Skip to content

Bloom filters

ScalableBloomFilter is a standalone probabilistic data structure for fast key existence checks.

Overview

A bloom filter answers the question "is this element in the set?" with one of two results:

  • Definitely not (guaranteed correct)
  • Probably yes (small chance of false positive)

ScalableBloomFilter chains multiple fixed-size bloom filters so the set can grow without bound while the false positive rate stays controlled.

Create a bloom filter

from iscc_usearch import ScalableBloomFilter

bloom = ScalableBloomFilter(
    initial_capacity=1_000_000,  # Expected elements before first growth
    fpr=0.01,  # 1% target false positive rate
)

Add elements

# Single element
bloom.add(42)

# Batch (more efficient for large sets)
bloom.add_batch([100, 200, 300, 400, 500])

Check membership

print(bloom.contains(42))  # True
print(bloom.contains(999))  # False (definitely not present)

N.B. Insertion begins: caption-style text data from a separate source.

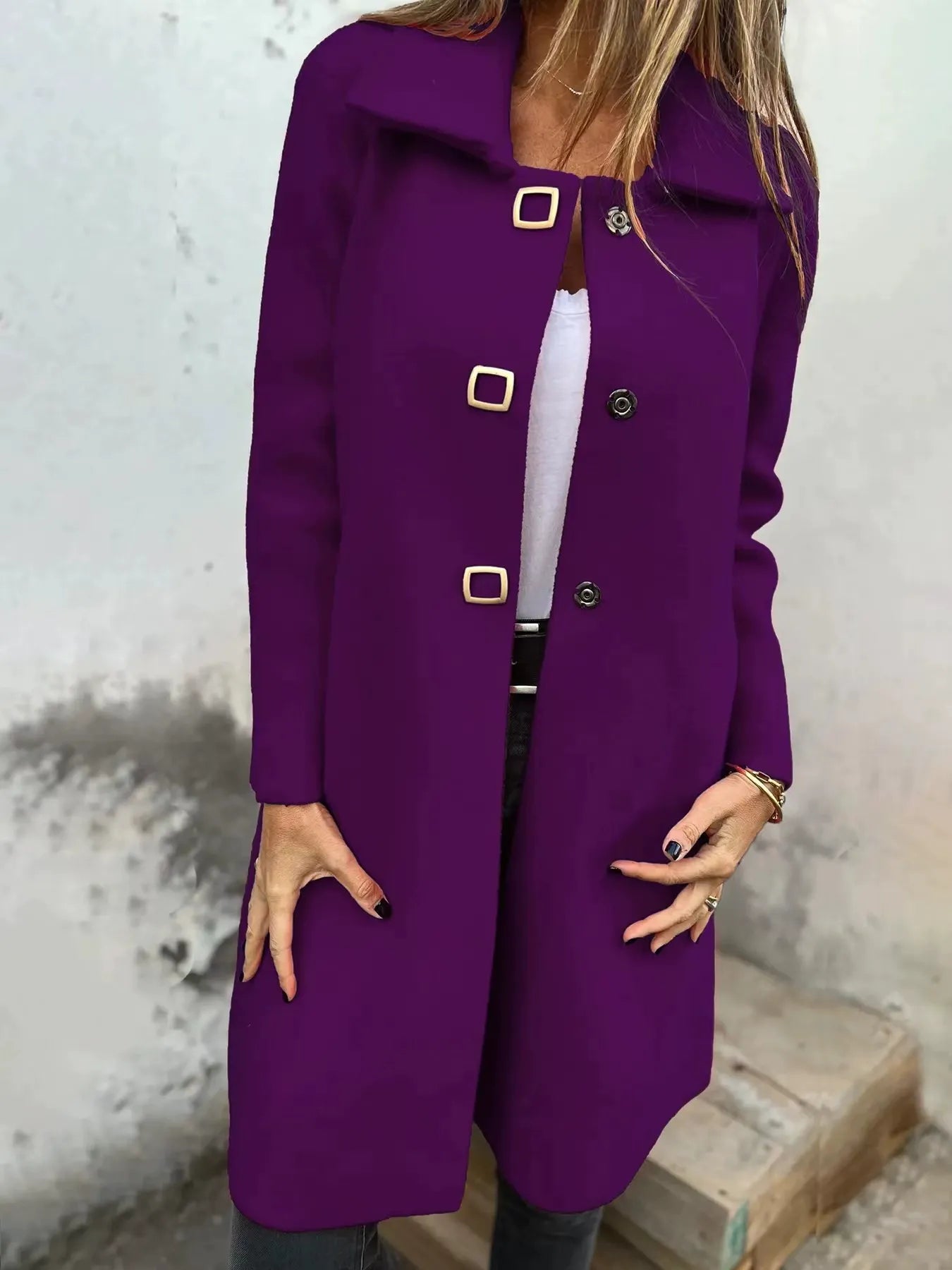 Women’s Wool Coat – Tailored Fit – Mid-Length – Single-Breasted – Formal Style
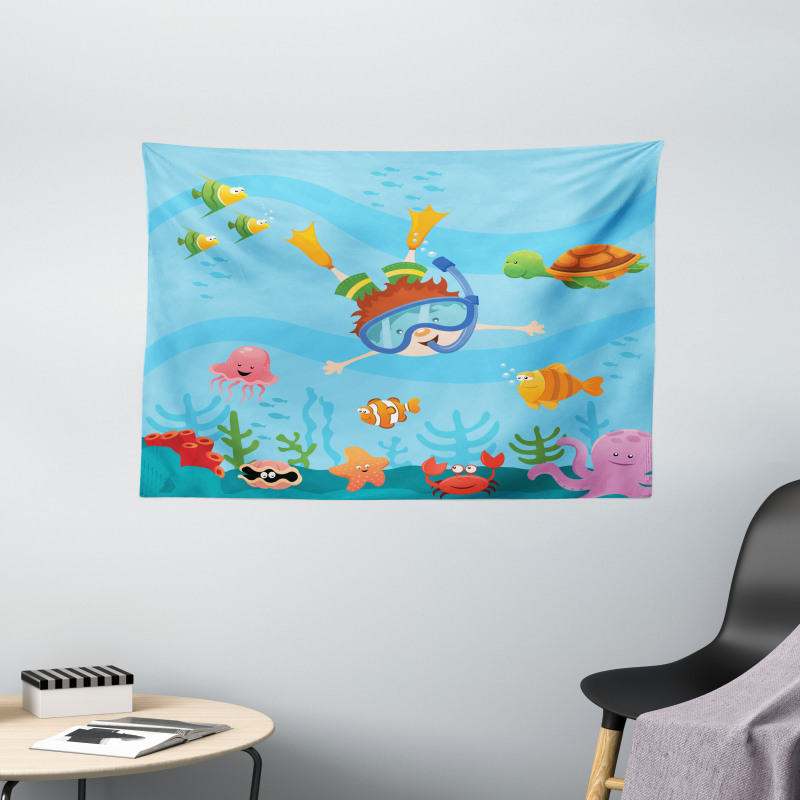 Cartoon Boy Diving to Sea Wide Tapestry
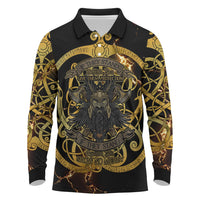 Viking Warrior Guardian Quote Long Sleeve Polo Shirt Runic Circle Odin Ravens Mythology Dark Gold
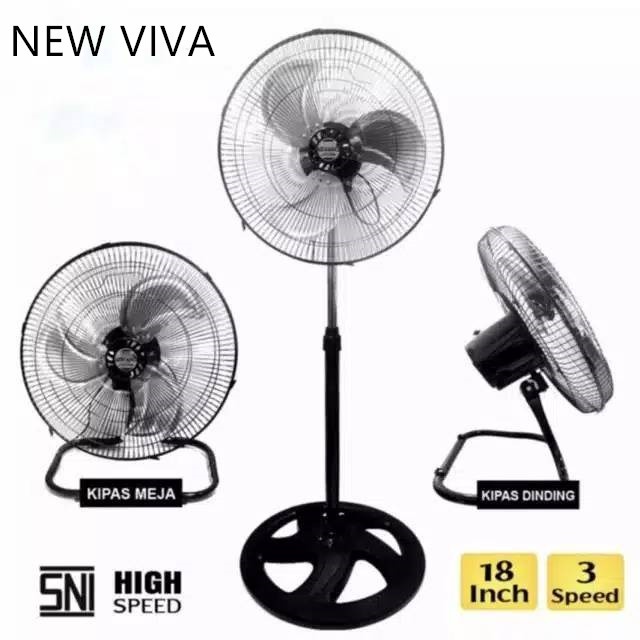 NEW VIVA Kipas angin besi 3 in 1 cyclone meja dinding berdiri 18 inch - duduk - dinding - berdiri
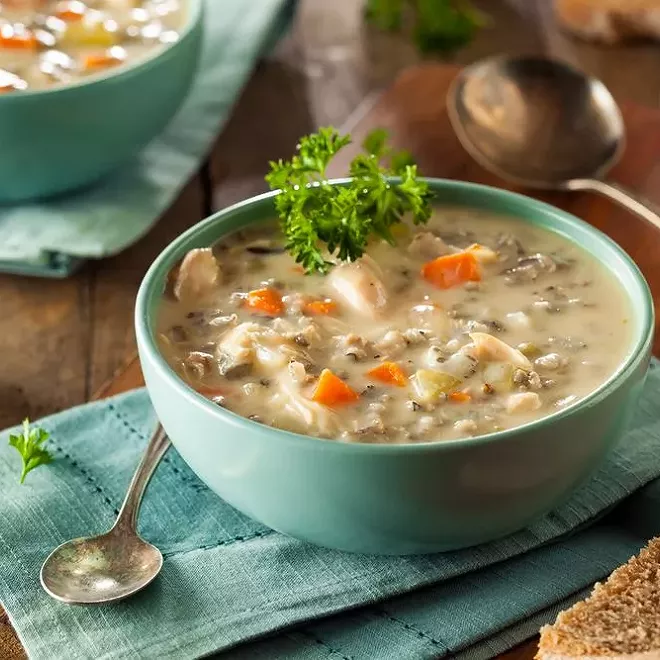 Soupe de riz aux poireaux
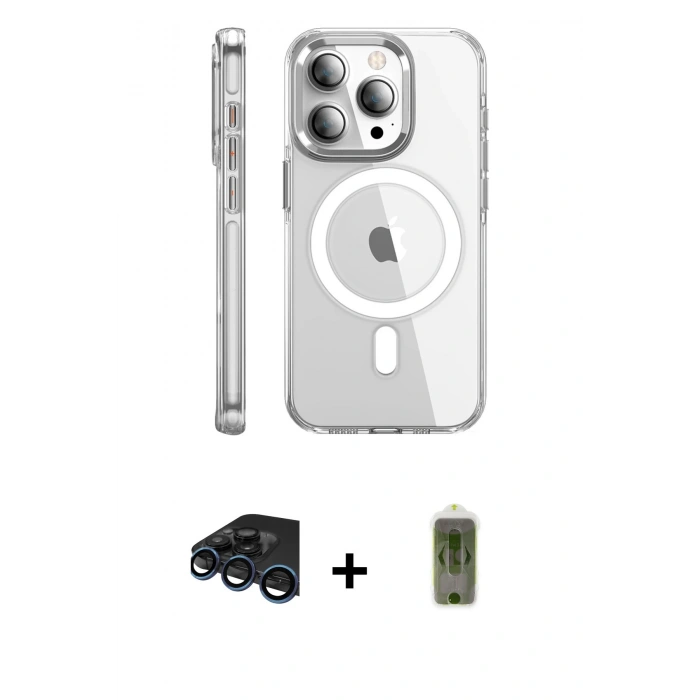 MARSİLYAN™- iPhone 15 Pro Max Kılıf Nova Doku - Siyah Joko Magic 5D Hayalet Cam + Raze Metal Kamera Lens - LT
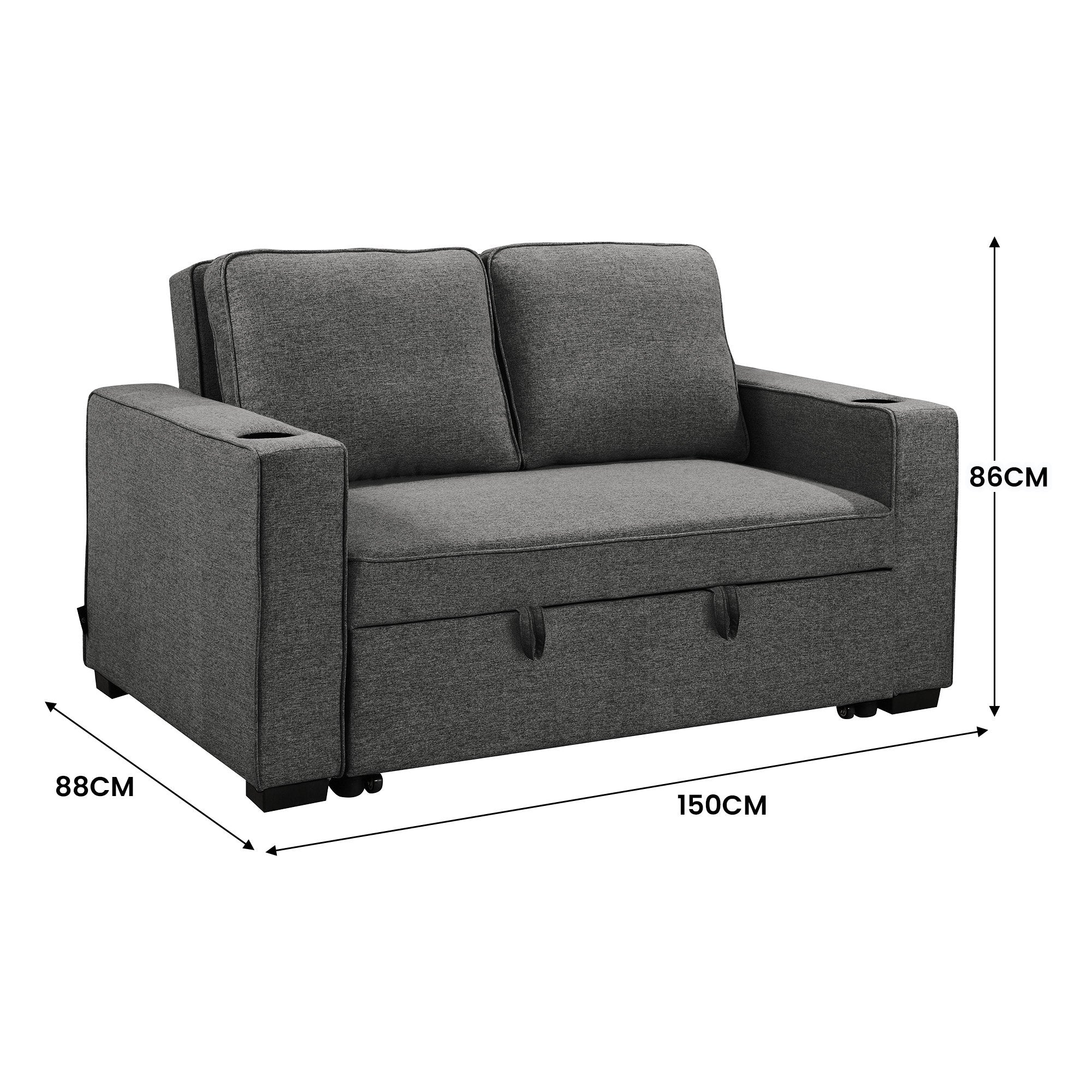 NNEDSZ Sarantino Hoffman - Sofá cama convertible en lino gris oscuro con cojines y portavasos, estructura y patas de madera de estilo escandinavo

# Python 'in' operator works too
print(42 in bloom)  # True

# Batch check
results = bloom.contains_batch([42, 999, 100])
print(results)  # [True, False, True]

Inspect state

print(bloom.count)  # Approximate number of elements added
print(bloom.current_capacity)  # Total capacity across all filters
print(bloom.filter_count)  # Number of filters in the chain
print(len(bloom))  # Same as bloom.count

Save and load

# Save to disk
bloom.save("my_bloom.isbf")

# Load later
bloom = ScalableBloomFilter.load("my_bloom.isbf")

The .isbf file format stores all filter state including capacities and hash counts.

Reset

bloom.clear()  # Reset to initial state (empty, single filter)

Scaling behavior

When the current filter reaches capacity, a new filter is added to the chain automatically. Each new filter has double the capacity of the previous one (configurable via growth_factor) and a tighter false positive rate (geometric series with r=0.5) to keep the overall FPR controlled. Membership checks search the newest filter first since recent keys are most likely there.

Choosing parameters

Parameter Default Guidance
initial_capacity 10,000,000 Set to expected dataset size to minimize filter chaining
fpr 0.01 Lower = fewer false positives, more memory per element
growth_factor 2.0 Higher = fewer filters, larger memory jumps

Integration with sharded indexes

ShardedIndex and ShardedNphdIndex use ScalableBloomFilter internally (enabled by default via bloom_filter=True) for O(1) rejection of non-existent keys in get(), contains(), and count(). There is no need to manage the filter manually when using sharded indexes.